Your assignment:
Which lines in the listing below contain "with"? Copy each of them.

Task input:
══════════════════════════════
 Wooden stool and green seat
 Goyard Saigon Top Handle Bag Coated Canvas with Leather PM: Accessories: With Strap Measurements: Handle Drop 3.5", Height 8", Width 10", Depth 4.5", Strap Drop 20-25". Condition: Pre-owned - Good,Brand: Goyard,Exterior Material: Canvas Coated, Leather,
══════════════════════════════
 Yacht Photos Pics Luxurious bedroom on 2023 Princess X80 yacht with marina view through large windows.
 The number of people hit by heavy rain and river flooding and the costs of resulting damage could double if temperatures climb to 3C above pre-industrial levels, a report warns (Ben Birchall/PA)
══════════════════════════════
Result of the task:
 Goyard Saigon Top Handle Bag Coated Canvas with Leather PM: Accessories: With Strap Measurements: Handle Drop 3.5", Height 8", Width 10", Depth 4.5", Strap Drop 20-25". Condition: Pre-owned - Good,Brand: Goyard,Exterior Material: Canvas Coated, Leather,
 Yacht Photos Pics Luxurious bedroom on 2023 Princess X80 yacht with marina view through large windows.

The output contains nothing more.